Nie zrozumcie mnie źle. Sam jestem ogromnym fanem Pendolino i dzięki tym pociągom zacząłem lubić podróże. Klimatyzacja, wygodne fotele, stabilne stoliki oraz miły wystrój prezentują się o wiele lepiej od starych taborów oraz jakichkolwiek autobusów. Dzięki nim przejazd na trasie Warszawa - Gdańsk lub Warszawa - Kraków jest na tyle komfortowy, że mija mi w mgnieniu oka. Co więcej, jeszcze w tym roku składy Express InterCity Premium pojadą do Gliwic czy Lublińca a w kolejnych latach, po modernizacji infrastruktury, zatrzymają się również w Rzeszowie czy Bielsku Białej. To też pokazuje, że nasza kolej cały czas się rozwija.
Mimo to uważam też, że na podobny komfort lub chociaż jego namiastkę zasługują nie tylko mieszkańcy największych miast w Polsce, ale też innych miejscowości. Zwłaszcza, że dobry dojazd do większych aglomeracji mógłby sprawić, że osoby z mniejszych miast mogłyby efektywniej szukać pracy w większych miastach. Rozumiem, jak działają pociągi ekspresowe. Uważam jednak, że przed ich kupnem powinniśmy zainwestować przede wszystkim w infrastrukturę, a nie w pociągi.
Rozumiem, że pociągi ekspresowe łączące największe miejscowości są nam potrzebne, bo sam z nich korzystam. Wiem też, że ogromną sztuką jest znalezienie balansu pomiędzy połączeniami expressowymi, ekonomicznymi oraz siecią powiązań przewoźników regionalnych, tak aby składy różnych spółek mogły się ze sobą dobrze skomunikować. I w końcu wiem, że ma fizycznej możliwości, aby każda miejscowość w Polsce była ze sobą bezpośrednio połączona pociągiem.
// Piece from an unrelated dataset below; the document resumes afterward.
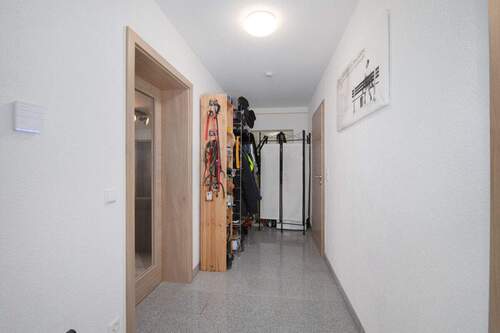 Flur - Etagenwohnung mit 75,50 m² in Mühlacker-Lomersheim zur Miete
Zdaję sobie sprawę z tego, że marudzę. Jednak żyjemy w XXI wieku i trudno mi zaakceptować fakt, że pomiędzy dwoma dużymi miastami oddalonymi od siebie o niecałe 200 kilometrów różnica w stopie bezrobocia wynosi aż kilkanaście procent. Szybkie połączenie kolejowe pomogłoby zniwelować tę różnicę i przy okazji rozwiązać wiele innych problemów. Dlatego mam nadzieję, że już niebawem zobaczymy, że rozwój kolei dotyczy nie tylko największych miast i skorzystają na nim także mieszkańcy mniejszych miejscowości.